4Scripts: good idea, wrong context

It would be unfair to say that educational ICT has not gone beyond threaded discourse. It has gone far beyond it, perhaps too far. It has gone beyond enhancing the kind of ideational discourse people normally carry on orally and replaced it with discourse carried out according to scripts (Fischer et al. [2013]). The term “script”, as used in current instructional research, is derived from its use by Schank and Abelson ([1977]) in describing frequently experienced social routines such as dining in a restaurant. The principal elements are roles (e.g., head waiter, waiter, customer) and conventional behaviors associated with the roles (e.g., being shown to a table by the head waiter, asking the waiter for the bill at the end of the meal). These elements continue to dominate scripted instruction, in which assigned roles are common and the scripts prescribe behavioral sequences tied to roles. Such scripts stand in contrast to the emergent character of much human action, including practically everything that would come under the headings of meaningful learning and creative thinking. These often take place within a script framework (for instance, the academic colloquium, which has defined roles and ritualized behavior) but the essence of the activity (for instance, arriving at a theoretical explanation of puzzling data) is invariably emergent and unscripted. Thus the extension of the script concept not just to the outward forms of classroom life (which are often highly ritualized) but to the cognitive and socio-cognitive processes of work with concepts and ideas is an extraordinary leap. The power of the script idea as developed by Schank and Abelson lay in recognizing and describing the more ossified forms of social behavior, the ones where emergence is minimized and predictability is maximized. Scripts offer a good model when applied to a suitable objective, such as learning the etiquette of an unfamiliar culture, but a bad model likely to defeat the purpose when applied to constructive work with concepts and ideas, where emergence is maximized and unpredictability is inherent.

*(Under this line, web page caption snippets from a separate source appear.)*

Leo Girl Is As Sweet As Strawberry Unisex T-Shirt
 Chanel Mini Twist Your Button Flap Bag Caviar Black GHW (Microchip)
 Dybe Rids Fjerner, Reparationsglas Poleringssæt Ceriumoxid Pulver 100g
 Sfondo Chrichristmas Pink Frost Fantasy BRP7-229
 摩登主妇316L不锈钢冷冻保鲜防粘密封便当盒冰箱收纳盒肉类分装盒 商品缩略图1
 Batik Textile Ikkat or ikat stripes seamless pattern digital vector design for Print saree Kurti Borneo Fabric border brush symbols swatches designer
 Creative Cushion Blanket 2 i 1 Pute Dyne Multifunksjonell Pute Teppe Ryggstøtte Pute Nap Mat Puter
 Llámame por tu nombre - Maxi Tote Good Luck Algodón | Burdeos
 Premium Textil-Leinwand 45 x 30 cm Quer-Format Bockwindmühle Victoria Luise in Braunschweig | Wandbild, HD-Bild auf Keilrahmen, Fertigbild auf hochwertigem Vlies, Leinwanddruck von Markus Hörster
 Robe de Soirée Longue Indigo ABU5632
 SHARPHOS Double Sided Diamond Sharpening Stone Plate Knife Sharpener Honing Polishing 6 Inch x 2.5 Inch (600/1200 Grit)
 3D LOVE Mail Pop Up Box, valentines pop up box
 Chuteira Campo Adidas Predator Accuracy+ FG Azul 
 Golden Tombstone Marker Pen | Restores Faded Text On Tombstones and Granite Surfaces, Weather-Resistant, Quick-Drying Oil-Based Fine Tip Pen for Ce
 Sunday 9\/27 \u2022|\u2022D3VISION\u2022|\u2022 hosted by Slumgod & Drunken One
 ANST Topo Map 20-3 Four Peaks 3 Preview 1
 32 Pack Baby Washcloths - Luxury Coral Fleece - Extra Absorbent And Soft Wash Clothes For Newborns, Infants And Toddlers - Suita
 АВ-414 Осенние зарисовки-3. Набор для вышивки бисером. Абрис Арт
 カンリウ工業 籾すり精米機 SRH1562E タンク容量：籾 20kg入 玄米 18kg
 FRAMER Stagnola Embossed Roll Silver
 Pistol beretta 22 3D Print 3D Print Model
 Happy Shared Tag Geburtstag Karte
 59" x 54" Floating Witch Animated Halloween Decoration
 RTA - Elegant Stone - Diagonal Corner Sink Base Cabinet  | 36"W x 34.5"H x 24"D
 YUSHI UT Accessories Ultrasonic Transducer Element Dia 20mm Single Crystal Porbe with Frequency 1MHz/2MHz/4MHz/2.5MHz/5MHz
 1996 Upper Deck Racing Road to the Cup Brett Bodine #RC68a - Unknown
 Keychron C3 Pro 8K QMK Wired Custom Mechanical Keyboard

5Confusing performance supports with learning supports

Educational technologists are generally well aware of the difference between performance support and learning support and recognize that what is optimal for one is not necessarily optimal or even beneficial for the other. A spelling checker is an obvious and widely accepted performance support for writing, but what is its effect on learning to spell? It might promote it, interfere with it, or render it unnecessary. The three possibilities have been debated for years, with inconclusive evidence supporting each position. The same has happened with regard to hand-held calculators in elementary mathematics instruction. But with more complex technology, the performance-learning issue becomes less clear-cut. Scripts, suggesting and reminding systems, and the like are clearly performance supports, but their use in education carries with it the supposition that they also support learning. This is especially apparent in workplace training, and may be appropriate there, when there is a “right way” to do something and performance supports guide the learner through doing it the right way. But when the challenge is self-organizing systems for emergence of increasingly high-level knowledge, reliance on performance supports as learning supports is more questionable. Script researchers talk about “internal scripts” as the student’s internalization of the “external script” used in instruction. The implicit assumption is that the scripts represent not only a type of performance support but also the procedural knowledge learners are supposed to acquire and take away from the scripted activity. Hesse ([2007]) has listed five reasons, which we paraphrase here, for questioning whether scripting the “right way” of carrying out a collaborative task is a sound way of managing learning:

The “right way” may be wrong.

The “right way” may be different for different persons and situations.

The “right way” may only be good advice at an early stage.

The “right way” may be demotivating.

The “right way” may increase cognitive load and so diminish attention to goals.

Research on a variety of academic skills indicates that strategy instruction improves performance, but seldom does the research investigate whether students actually use the taught strategies. Effects could be of a more global nature, for instance through fostering mindful engagement (Salomon & Globerson [1987]). The stronger the strategy guidance provided by the technology, the more critical it becomes that these strategies constitute the “right way” for everyone. Seldom if ever is this requirement seriously investigated. What we know from biographies of major writers and scientists suggests there is no best way of productive thinking that should be imposed on learners.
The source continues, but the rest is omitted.